Po dziesięciu latach na rynku legendarna Toyota Hilux doczekała się nowej generacji. Dziewiąte wcielenie pick-upa zadebiutowało w Tajlandii – na swoim kluczowym rynku, gdzie model od lat cieszy się ogromną popularnością. Tam nowy Hilux otrzymał przydomek Travo, by odróżnić się od pozostającego w produkcji poprzednika – Hiluxa Revo. Wygląd auta stał się znacznie bardziej agresywny: wąskie reflektory, bezramkowy grill i muskularny zderzak nadały mu nowoczesny charakter, choć proporcje nadwozia pozostały bez zmian.
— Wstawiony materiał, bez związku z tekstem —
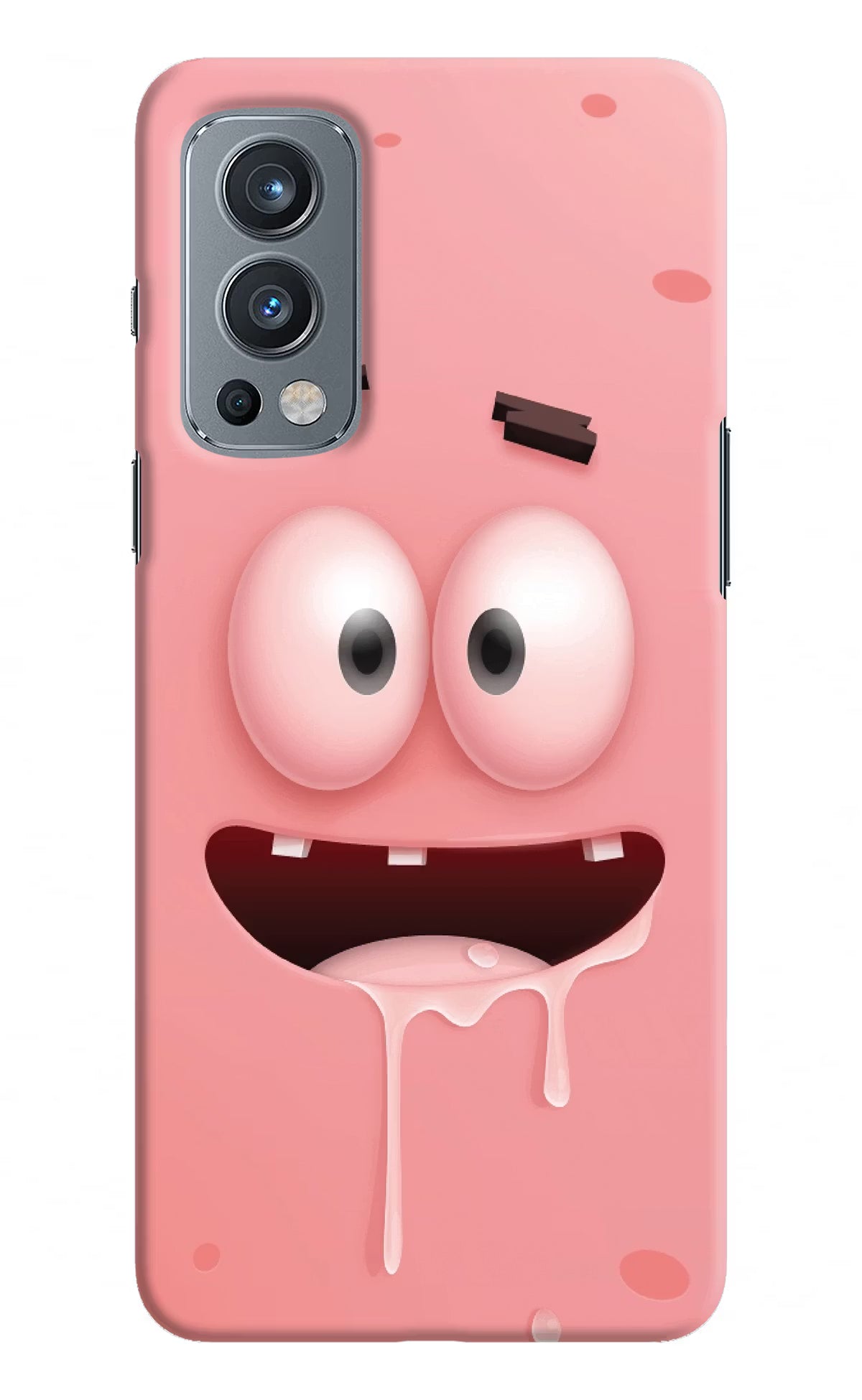Sponge 2 OnePlus Nord 2 5G Hard Case Back Cover by Casekaro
W Europie Hilux będzie dostępny wyłącznie w wersji z podwójną kabiną, natomiast na rynku tajskim zachowano także odmiany z pojedynczą kabiną. Wnętrze jest całkowicie nowe – z dwoma ekranami o przekątnej 12,3 cala, przejrzystą konsolą środkową i klasycznym selektorem skrzyni biegów. Na pokładzie pojawiła się bezprzewodowa ładowarka, zamykane uchwyty na kubki oraz pełen zestaw systemów bezpieczeństwa Toyota Safety Sense.

Pick-up zbudowano na zmodernizowanej platformie IMV, wspólnej m.in. z Land Cruiserem FJ. Największą sensacją jest jednak wersja elektryczna: dwa silniki, napęd na cztery koła (196 KM), akumulator 59,2 kWh i zasięg 240 km. Ładowność wynosi 715 kg, a maksymalna masa holowanej przyczepy to 1,6 tony. Elektrycznego Hiluxa łatwo rozpoznać po zabudowanym przednim panelu zamiast tradycyjnego grilla. W planach znajduje się również wersja wodorowa, której prototypy są już testowane na drogach.

Gama zostanie uzupełniona o hybrydy oraz klasyczne jednostki benzynowe i wysokoprężne. Na razie premierę otrzymała odmiana elektryczna, która trafi na rynki międzynarodowe w grudniu 2025 roku. Hybrydy pojawią się wiosną 2026, a Hilux na ogniwa wodorowe dopiero około 2028 roku – co pokazuje, że Toyota zamierza utrzymać kultowego pick-upa w ofercie jeszcze przez długie lata.